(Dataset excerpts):

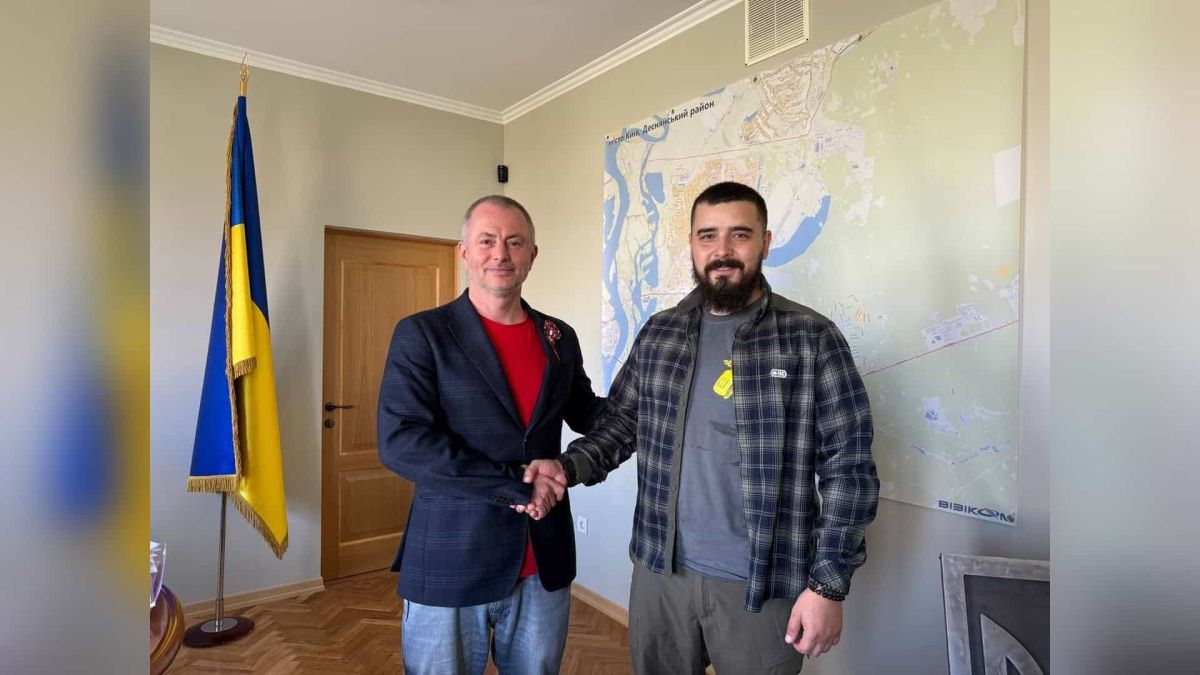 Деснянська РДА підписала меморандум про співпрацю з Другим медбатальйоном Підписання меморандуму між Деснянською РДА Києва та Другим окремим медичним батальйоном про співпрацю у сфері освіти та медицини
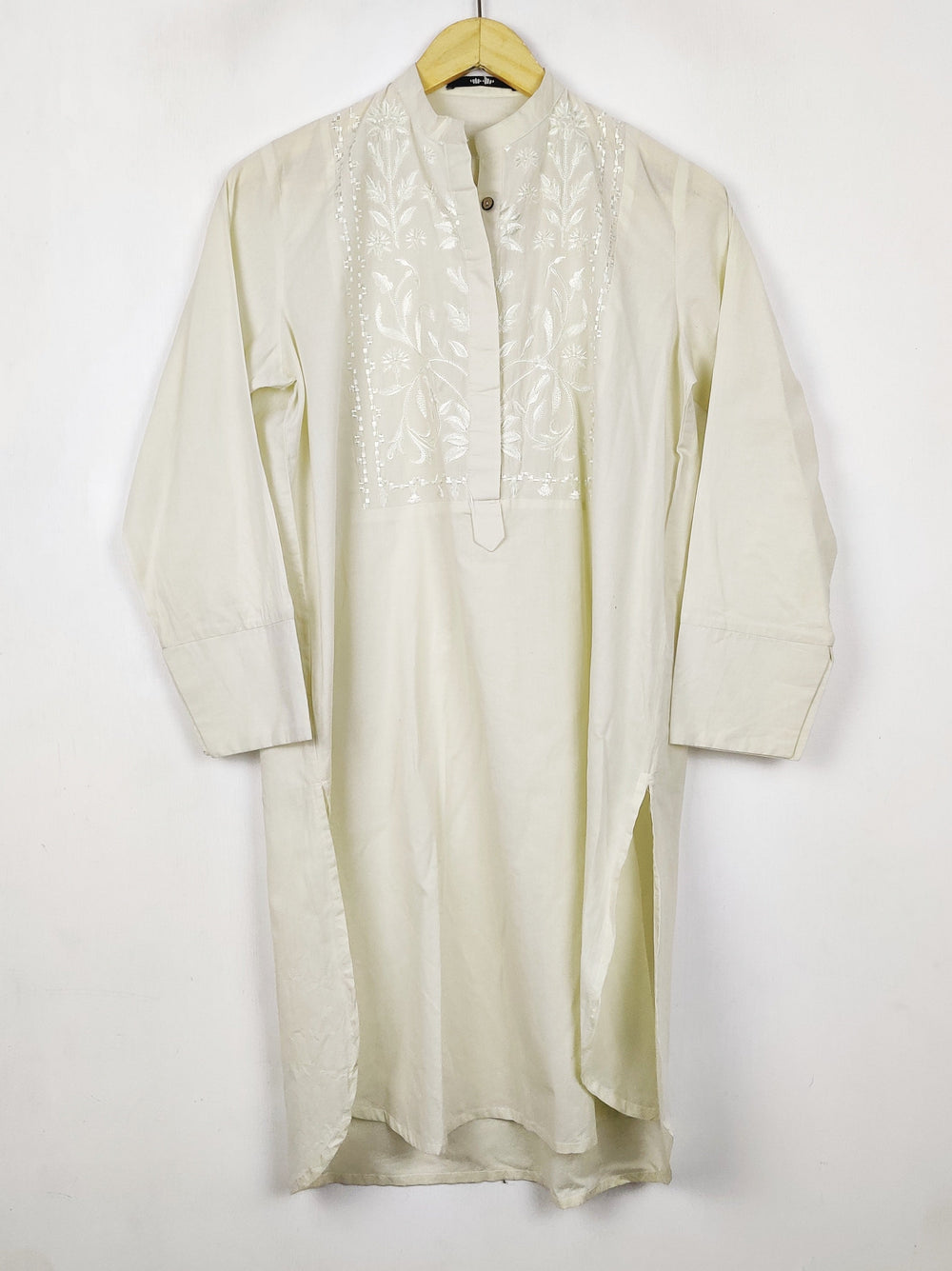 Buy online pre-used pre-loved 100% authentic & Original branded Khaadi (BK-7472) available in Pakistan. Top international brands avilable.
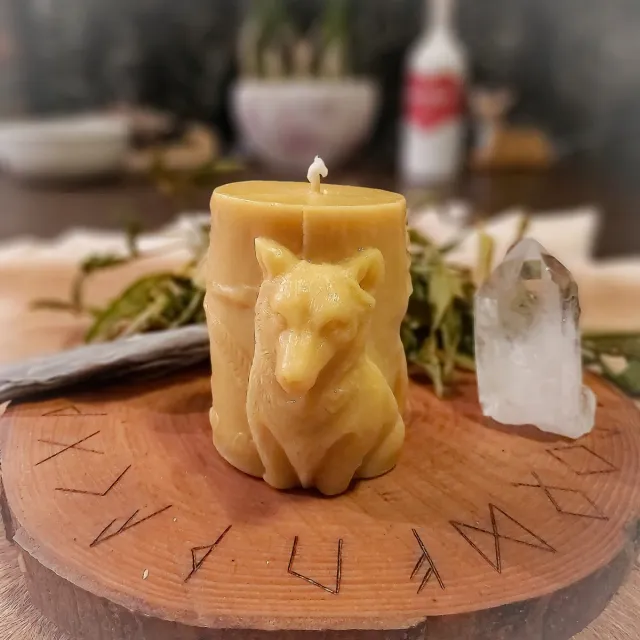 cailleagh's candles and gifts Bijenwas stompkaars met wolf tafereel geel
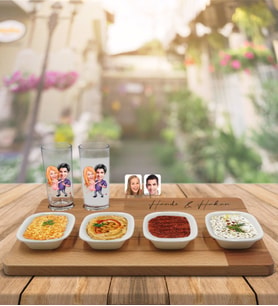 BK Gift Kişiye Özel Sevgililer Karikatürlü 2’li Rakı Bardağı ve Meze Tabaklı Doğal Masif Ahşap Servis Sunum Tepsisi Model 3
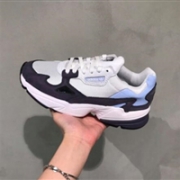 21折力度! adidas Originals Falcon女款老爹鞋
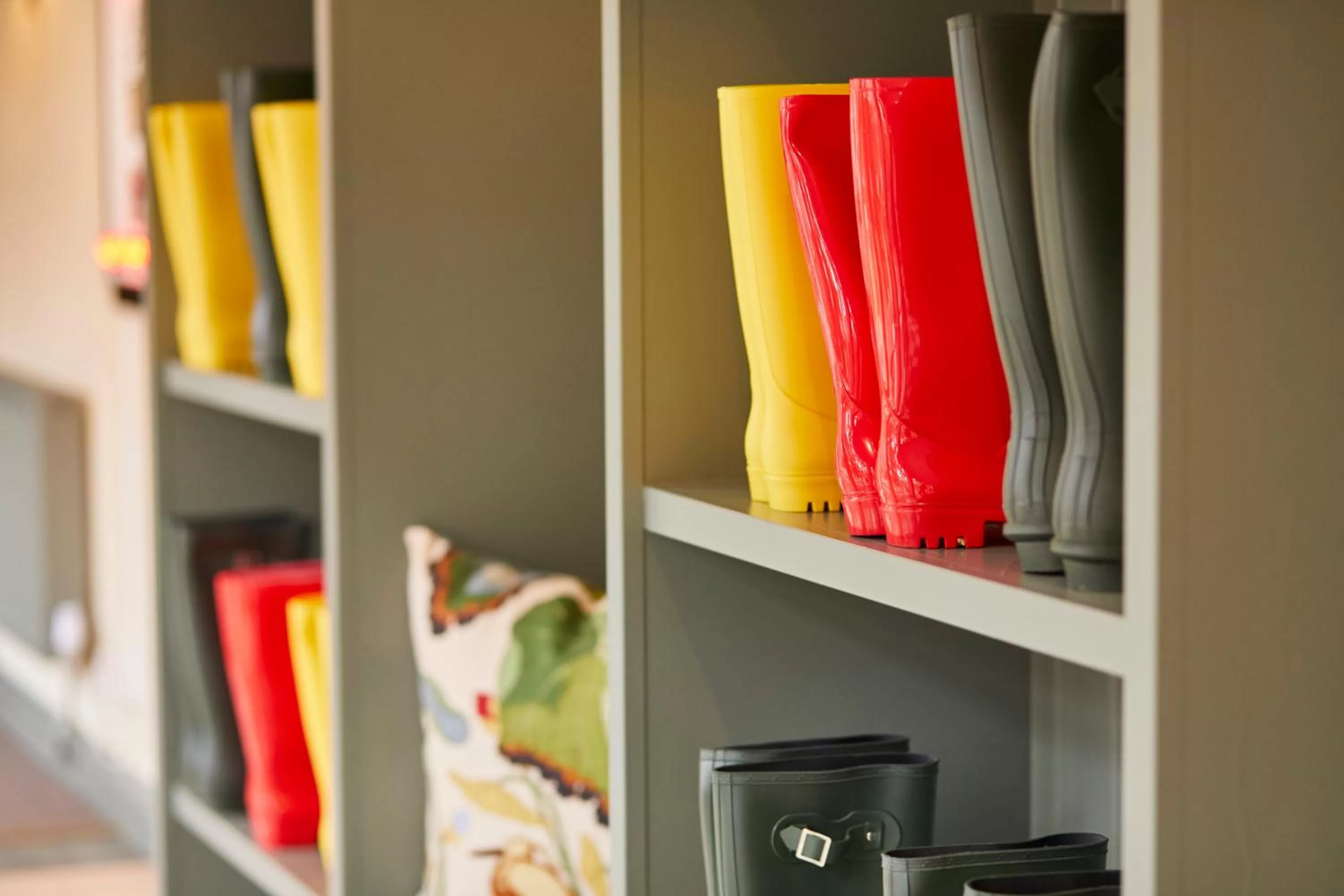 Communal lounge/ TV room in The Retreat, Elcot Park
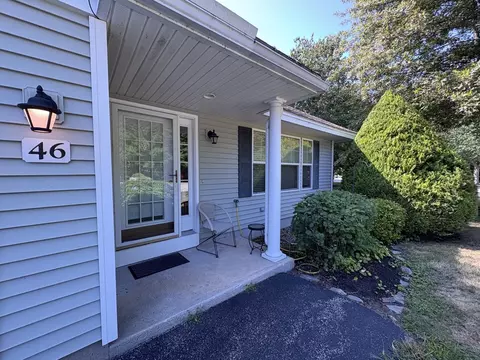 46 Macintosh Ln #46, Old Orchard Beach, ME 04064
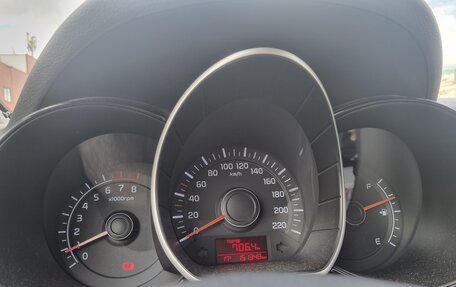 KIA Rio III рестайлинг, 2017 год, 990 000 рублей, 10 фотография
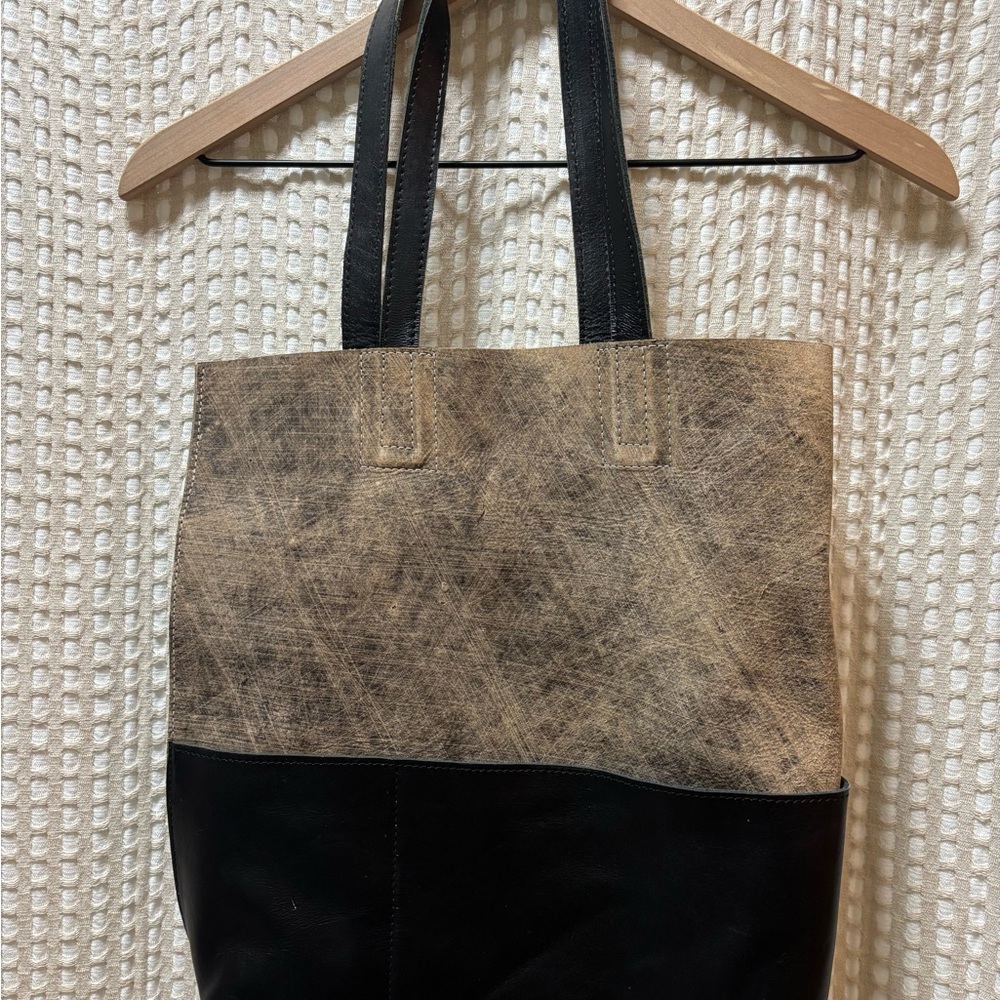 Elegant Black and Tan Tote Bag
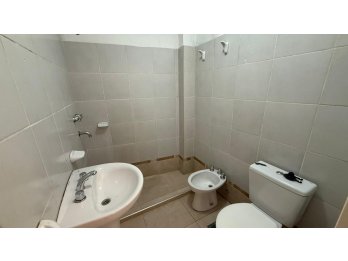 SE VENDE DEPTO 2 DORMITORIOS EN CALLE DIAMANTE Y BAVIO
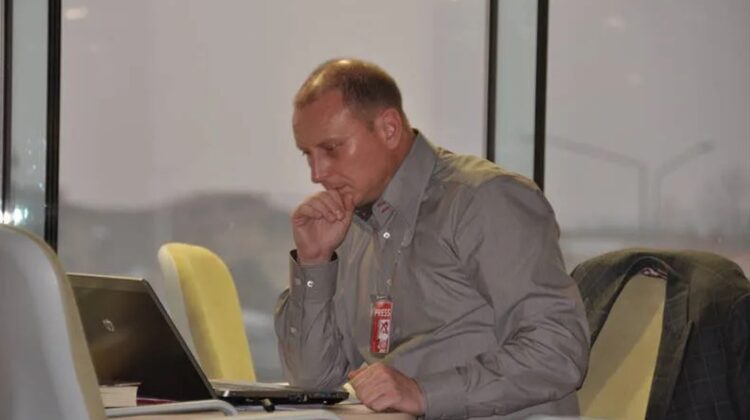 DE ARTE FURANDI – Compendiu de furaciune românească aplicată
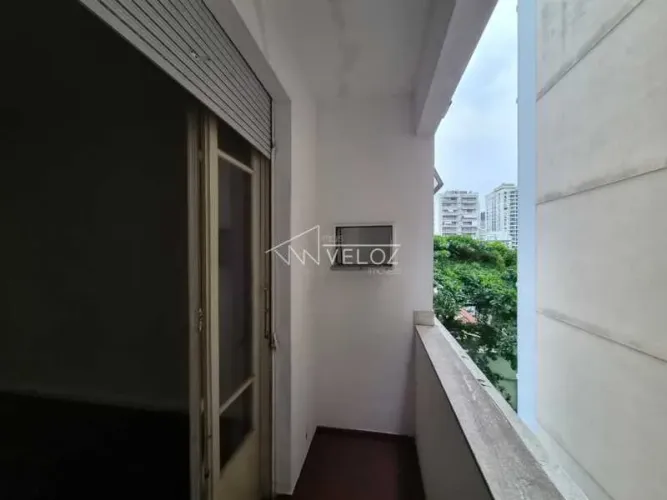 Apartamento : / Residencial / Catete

(Task prompt):
Copy all entries exactly; skip pictures.

(Output below):
 Деснянська РДА підписала меморандум про співпрацю з Другим медбатальйоном Підписання меморандуму між Деснянською РДА Києва та Другим окремим медичним батальйоном про співпрацю у сфері освіти та медицини
 Buy online pre-used pre-loved 100% authentic & Original branded Khaadi (BK-7472) available in Pakistan. Top international brands avilable.
 cailleagh's candles and gifts Bijenwas stompkaars met wolf tafereel geel
 BK Gift Kişiye Özel Sevgililer Karikatürlü 2’li Rakı Bardağı ve Meze Tabaklı Doğal Masif Ahşap Servis Sunum Tepsisi Model 3
 21折力度! adidas Originals Falcon女款老爹鞋
 Communal lounge/ TV room in The Retreat, Elcot Park
 46 Macintosh Ln #46, Old Orchard Beach, ME 04064
 KIA Rio III рестайлинг, 2017 год, 990 000 рублей, 10 фотография
 Elegant Black and Tan Tote Bag
 SE VENDE DEPTO 2 DORMITORIOS EN CALLE DIAMANTE Y BAVIO
 DE ARTE FURANDI – Compendiu de furaciune românească aplicată
 Apartamento : / Residencial / Catete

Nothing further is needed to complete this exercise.